I think this is an interesting topic as we can share all the secrets and ideas we want but if we dont spend time in the shop, all our efforts are null and void. 
How do you manage your time to get in the shop? How much time do you get in the shop. Okay, PLEASE dont come back with 'whenever my wife lets…'


----------



## Timberwerks (Sep 29, 2009)

Luckily I do this full time so my wife would rather see me in the studio keeping busy.


----------



## Padre (Nov 5, 2008)

I am disabled retired so I get to spend as much time or as little time in my shop as I want.

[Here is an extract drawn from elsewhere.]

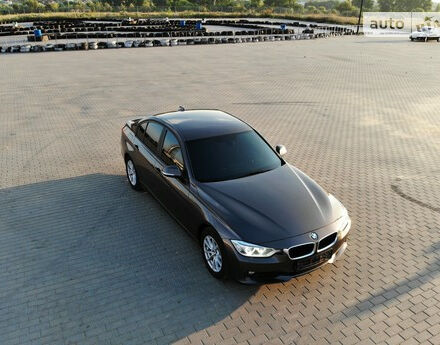 BMW 320 2012 року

My wife still works, and will be working for quite some time, so the shop has become my 'job' and has allowed me to keep my sanity.

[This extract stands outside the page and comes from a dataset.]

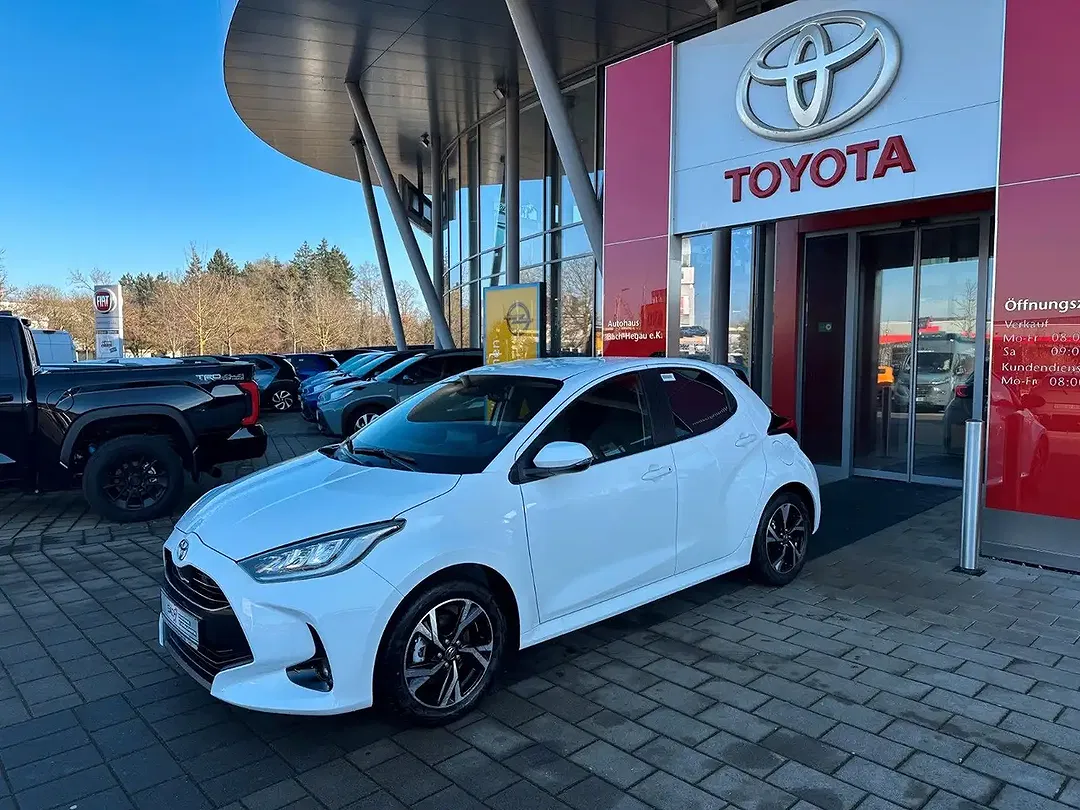 Toyota Yaris - Thumbnail 2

I miss it when I can't be there doing what I want.


----------



## bigike (May 25, 2009)

Me i love my shop and try to get down there everyday but it's hard cuz i work at a acrylic shop and we make furniture,store card- sneaker- broshure holders and displays, boat winshields and everything inbetween so we obviously have to clean up after this is what makes it tough for me cuz i'm so tired when i get home and plus my pockest ain't that deep so getting supplies are another thing. I can go down there anytime i want just as long as my doughter stayes upstairs i get uncomfortable with her there just in case anything happens, i'll never forgive myself. So all in all i try to get in there as much as i can. i would say about three or four days out of the week, weekends i'm in there all day others untill nine or ten.


----------



## ropedog (Mar 26, 2008)

this is what i do so i spend as much time as i need to in my shop. could be 20 hours could be 60, depends on what is going on that week.


----------



## mhein68 (Feb 17, 2010)

Not near enough in my book.. I will sometimes spend an entire saturday in the basement… Between the wife child and work…


----------



## live4ever (Feb 27, 2010)

This is my hobby and I have a busy fulltime job that takes up at least 60 hours per week. Occasionally I am able to get in the shop for a few minutes in the evening but am not able to do anything significant, especially involving power tools (our home is attached to the neighbors' on both sides). So the weekend (when we aren't doing something like visiting family or going to a wedding or yadda yadda) is the only time I can get. I've never figured out exactly how much this amounts to, but I imagine it is only 2-3 hours per week of good shop time. I spend at least triple or quadruple that per week on woodworking in general, but since it's usually late at night or early in the morning it only amounts to reading, perusing websites, or planning.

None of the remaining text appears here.